Oxygen reduction reaction process of LaNi_0.6Fe_0.4O_{3 − δ} film – porous Ce_0.9Gd_0.1O_1.95 heterostructure electrode

Relevant factors affecting an oxygen reduction reaction (ORR) in a heterostructure electrode comprising a Ce_0.9Gd_0.1O_1.95 porous layer on LaNi_0.6Fe_0.4O_{3 − δ} film electrode were evaluated using electrochemical impedance spectroscopy and isotope depth profile analyses. Despite the LaNi_0.6Fe_0.4O_{3 − δ} film – porous Ce_0.9Gd_0.1O_1.95 electrode having higher interfacial conductivity, σ_E, compared to a bare LaNi_0.6Fe_0.4O_{3 − δ} film electrode, σ_E behavior as a function of p(O₂) was similar to each measured temperature. This exhibits a good correlation with the isotopic oxygen depth profile analysis where the evaluated surface oxygen exchange coefficient, k*, showed enhancement compared to bare LaNi_0.6Fe_0.4O_{3 − δ} film and exhibited the same behavior on p(O₂).
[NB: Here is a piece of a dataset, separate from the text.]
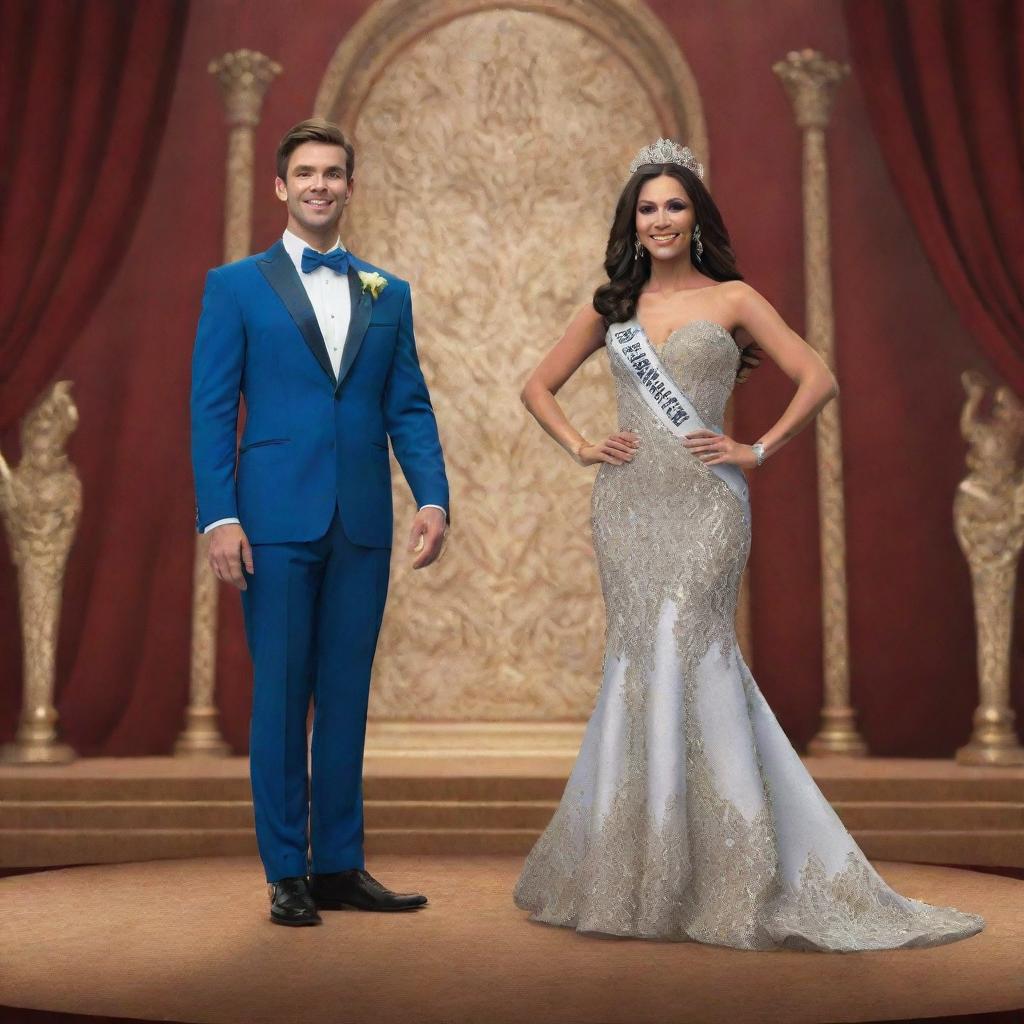 A 3D representation of a male and female, the victorious Mr. and Ms. Pageant winners, standing back-to-back on an ornate stage. They stand alone, their triumphant postures showcasing the essence of their glorious victory.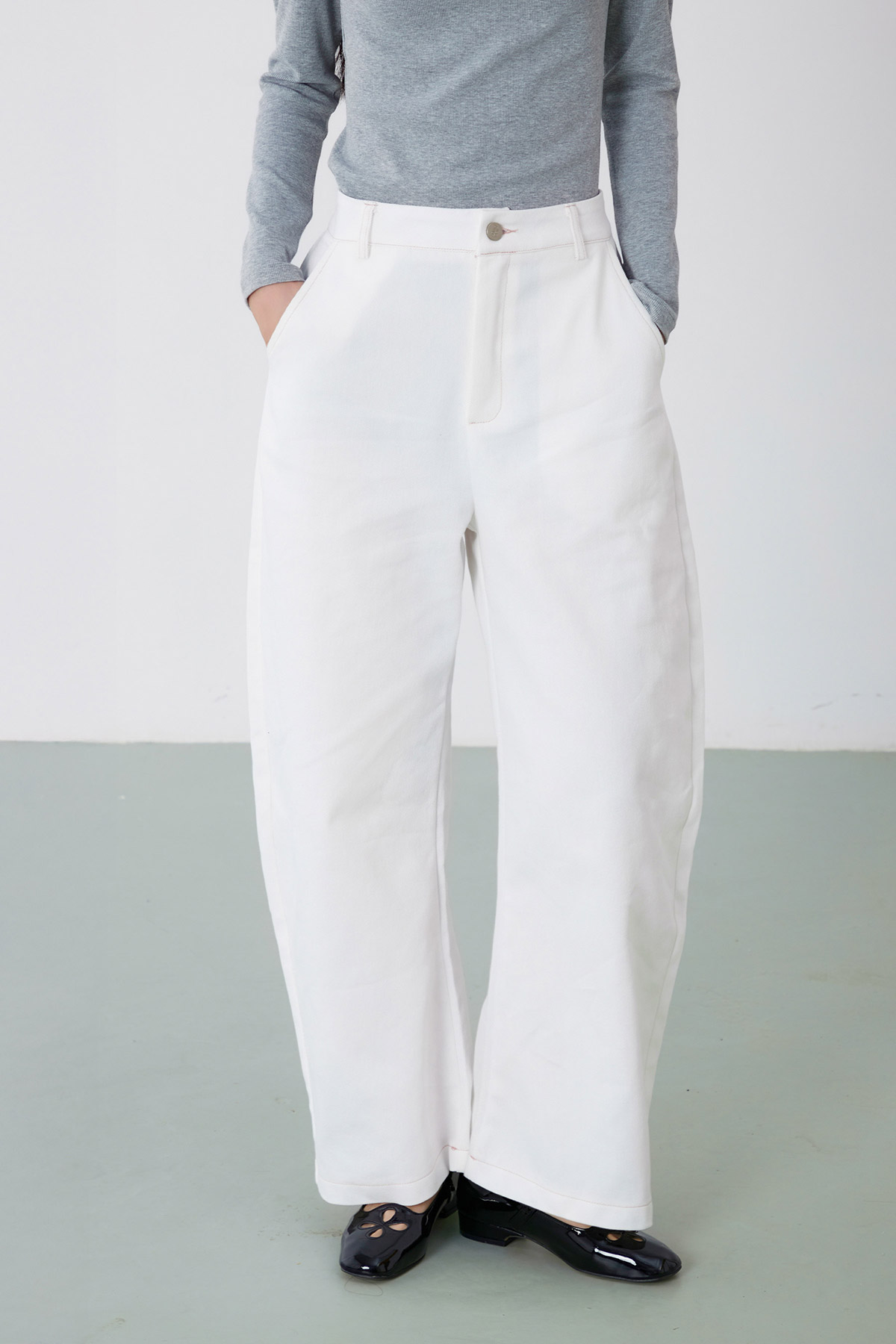 ERNIE BARREL JEANS - IVORY [BY MODPARADE]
Based on the analyses, there are two plausible reasons for this enhancement: (a) the formation of triple phase boundaries at the junction of LaNi_0.6Fe_0.4O_{3 − δ} film, porous Ce_0.9Gd_0.1O_1.95, and gas phase, where the incorporation process during an ORR process takes place via the porous Ce_0.9Gd_0.1O_1.95; and (b) a modification of the subsurface layer just below the film surface where the presence of diffused Ce and Gd appears to accelerate the ORR process.